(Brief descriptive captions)
=-=-=

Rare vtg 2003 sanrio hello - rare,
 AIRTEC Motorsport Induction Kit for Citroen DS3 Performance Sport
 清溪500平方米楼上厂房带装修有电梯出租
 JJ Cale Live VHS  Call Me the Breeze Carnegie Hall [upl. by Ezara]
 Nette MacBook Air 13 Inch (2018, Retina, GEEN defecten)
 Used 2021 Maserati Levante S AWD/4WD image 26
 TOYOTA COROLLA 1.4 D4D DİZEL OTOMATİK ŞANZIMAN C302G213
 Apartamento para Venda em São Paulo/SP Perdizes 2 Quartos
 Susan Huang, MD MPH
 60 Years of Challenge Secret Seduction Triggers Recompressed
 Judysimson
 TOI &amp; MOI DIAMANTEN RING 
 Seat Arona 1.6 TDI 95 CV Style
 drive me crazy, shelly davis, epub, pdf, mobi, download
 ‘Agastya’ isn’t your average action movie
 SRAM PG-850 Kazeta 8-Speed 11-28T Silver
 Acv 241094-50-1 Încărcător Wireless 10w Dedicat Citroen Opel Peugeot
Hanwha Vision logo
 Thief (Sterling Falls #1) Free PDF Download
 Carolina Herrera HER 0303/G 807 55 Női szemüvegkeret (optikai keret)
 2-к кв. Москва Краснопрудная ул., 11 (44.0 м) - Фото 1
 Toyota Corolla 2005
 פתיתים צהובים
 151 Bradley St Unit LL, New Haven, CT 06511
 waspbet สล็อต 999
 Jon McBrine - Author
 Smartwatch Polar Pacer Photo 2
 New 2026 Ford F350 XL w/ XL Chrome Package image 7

=-=-=

▶ **PROBLEM DESCRIPTION**: Scan the data above; copy every line where "image" appears.

▶ **WRITTEN ANSWER**:
 Used 2021 Maserati Levante S AWD/4WD image 26
 New 2026 Ford F350 XL w/ XL Chrome Package image 7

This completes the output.